Entries shown:

BEGIN

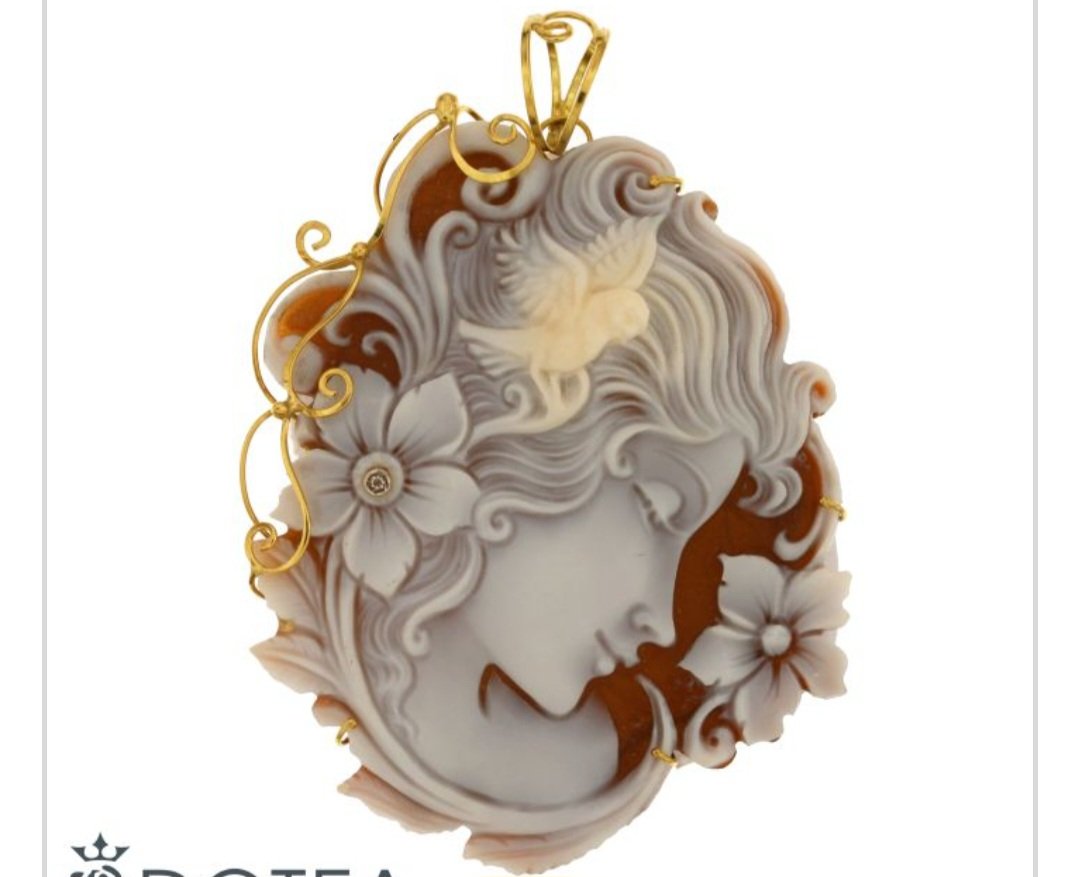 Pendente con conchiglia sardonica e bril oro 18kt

END
BEGIN

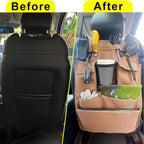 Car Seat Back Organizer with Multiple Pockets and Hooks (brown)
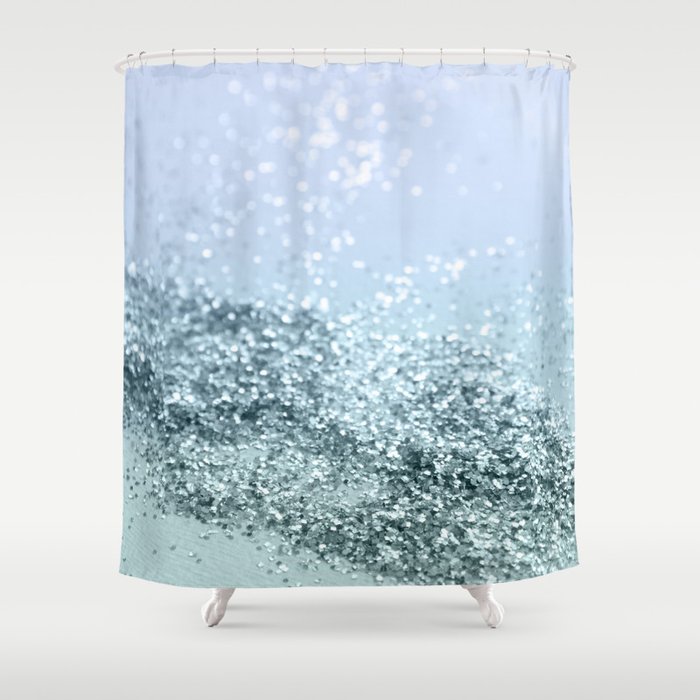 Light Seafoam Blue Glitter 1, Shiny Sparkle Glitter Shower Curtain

END

Output exactly, and only, the lines of the entries above from the one with "Car Seat Back" up to and including the one with "Light Seafoam Blue"; pictures are to be left out.

Answer space:
 Car Seat Back Organizer with Multiple Pockets and Hooks (brown)
 Light Seafoam Blue Glitter 1, Shiny Sparkle Glitter Shower Curtain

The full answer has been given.